> _RECORDED DATA_:
****

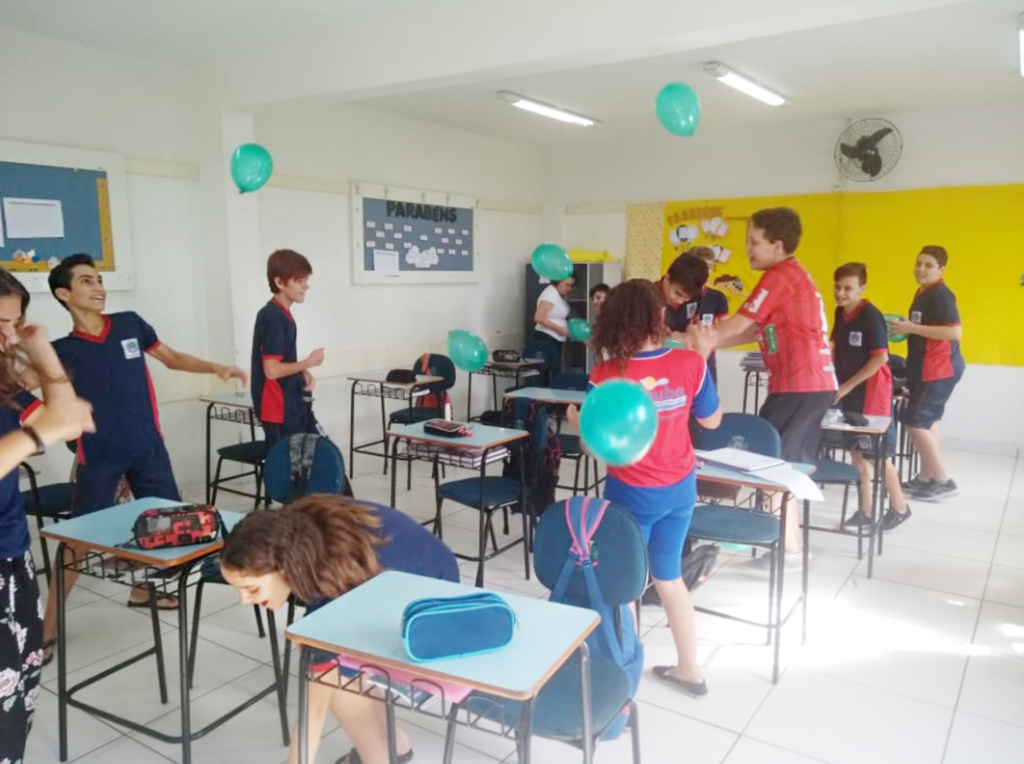 ESTUDANTES DE ESCOLA DE PIRATUBA ESTÃO APRENDENDO SOBRE INTELIGÊNCIA EMOCIONAL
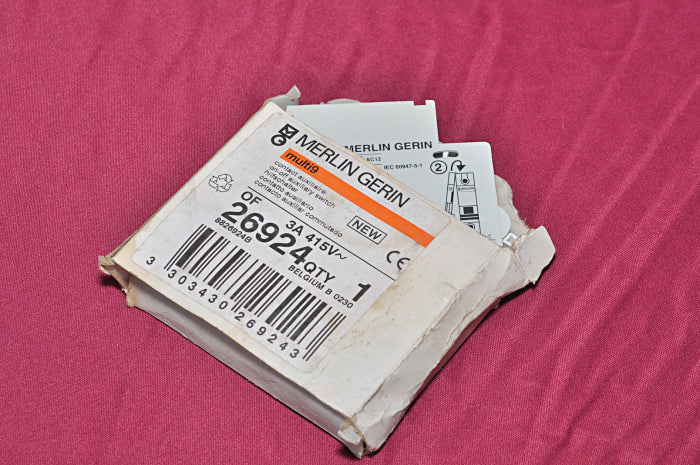 Merlin Gerin Multi9 26924 Auxiliary Contact On/Off Switch 8826924B Iec 60947-5-1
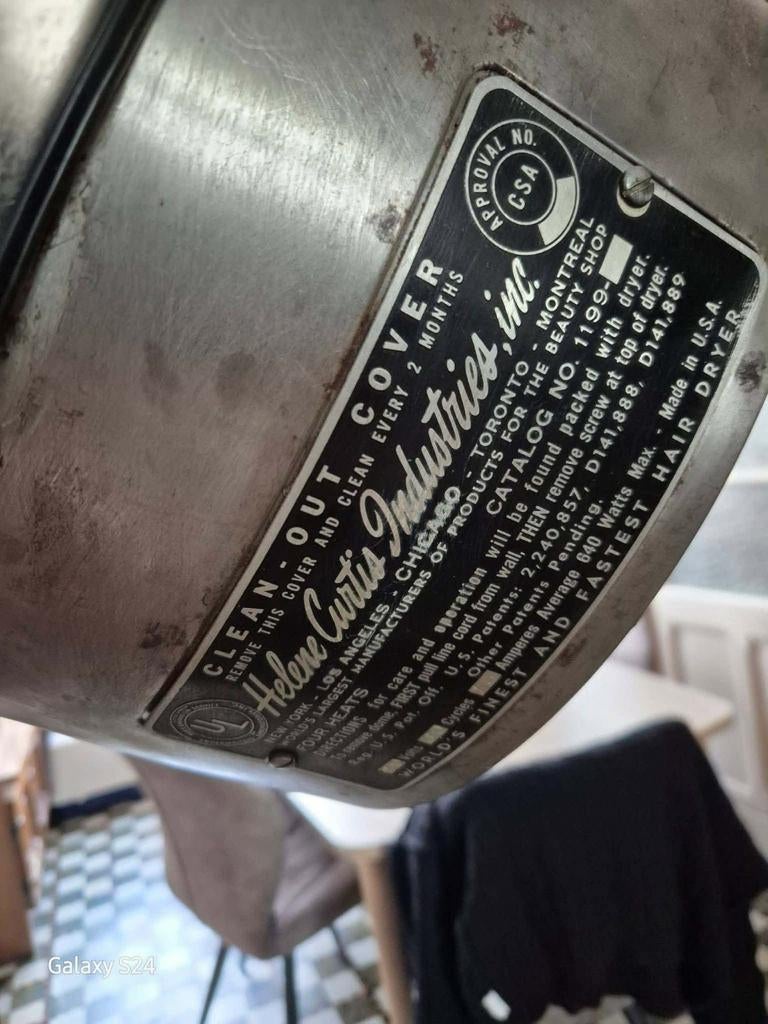 Lampe industrielle vintage – casque coiffeur Helene Curtis, Enlèvement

****

> _GOAL OF THE EXERCISE_: Without including any picture, write out the material above exactly.

> _SOLUTION FOR THIS PROBLEM_:
 ESTUDANTES DE ESCOLA DE PIRATUBA ESTÃO APRENDENDO SOBRE INTELIGÊNCIA EMOCIONAL
 Merlin Gerin Multi9 26924 Auxiliary Contact On/Off Switch 8826924B Iec 60947-5-1
 Lampe industrielle vintage – casque coiffeur Helene Curtis, Enlèvement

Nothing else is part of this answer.